Carmen Abbe
“You’re too nice…”
“You can’t hit…”
“You’re going to get beat up…”
“Wait… but you’re not a lesbian…”
These were just a few of the responses I got when I told people I was going to start playing roller derby (a women’s contact sport played on rollerskates). Not many people know much about the sport – and when they do, it is usually just from watching the movie Whip It. Whip It portrays roller derby as a sport for edgy, rough-and-tumble, tattooed, get-in-your-face-and-beat-you-up women. While roller derby undoubtedly attracts strong-willed women, the girls I have met playing roller derby are some of the kindest, most caring women I have ever met.
For example, at my practice a week ago, a girl was having a hard time and skated off the rink crying. Within seconds, there was a crowd of girls around her, holding her hands and wrapping their arms around her shoulders. Roller derby creates a community where women support each other, and where women defy the stereotype that only lesbian, tattooed, rough-and-tumble women can play rough contact sports.
This summer I began playing on Division One of the Seattle Derby Brats (SDB), Seattle’s youth roller derby league. “The Seattle Derby Brats have a philosophy that is designed to instill positive ideals and help young girls realize their own potential,” states the SDB Facebook page. “We strive to create a safe, fun and positive environment where girls can be athletic, increase their self confidence, obtain new friendships and be both self-empowered and self-expressive.”
I have found roller derby to be an empowering, confidence boosting dose of what it means to be a strong woman.
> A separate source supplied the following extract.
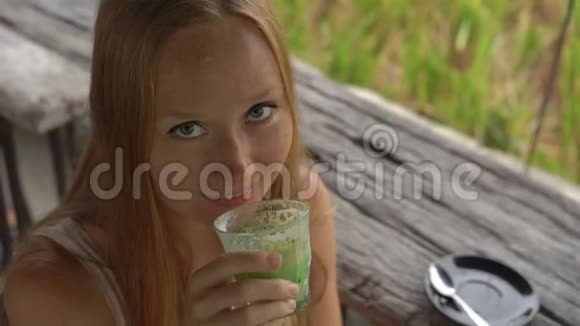 一位年轻女子在一家热带咖啡馆喝绿茶抹茶拿铁时的慢镜头观看稻田视频的预览图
Who says I can’t play a sport where I knock people over just because I’m a woman? Gearing up with my mouth guard, helmet, wrist guards, and knee, hip, and elbow pads, I feel like I am indestructible.
As a little girl, I was always told not to push. I was told to be nice, and have grown up valuing being nice and caring for others; but being able to push down my opponents and sprint down a track, air whipping my hair back, knowing I am on the way to a win, is one of the most exhilarating feelings I have ever had. I feel powerful. I feel in control of my body and myself.
Maybe people associate roller derby with lesbians and rough-and-tumble women because people think those roles are the closest girls can get to being boys. But who ever said only boys can push and yell and fight?
I am certainly not a pusher, yeller or fighter; maybe that’s just because of my personality or maybe that’s how I was raised to be. Regardless, I have for the first time starting channeling my inner bad-ass and I love it. At practice our coaches condemn silence: “You are derby girls!” they yell, “You should never be quiet!”
Roller derby teaches young girls and women to be strong, to speak up and to be leaders, it teaches us that not only men can play and succeed in contact sports; and derby has taught me that, once in a while, it’s okay to be pushy.
If you don’t know much about roller derby and want to see it happen live, you can watch Seattle’s professional derby team, The Rat City Roller Girls, at Key Arena where they have their bouts (games). If you are interested in getting involved with roller derby, you can sign up for the Seattle Derby Brats new skater camp in the summer, for girls ages 12-18.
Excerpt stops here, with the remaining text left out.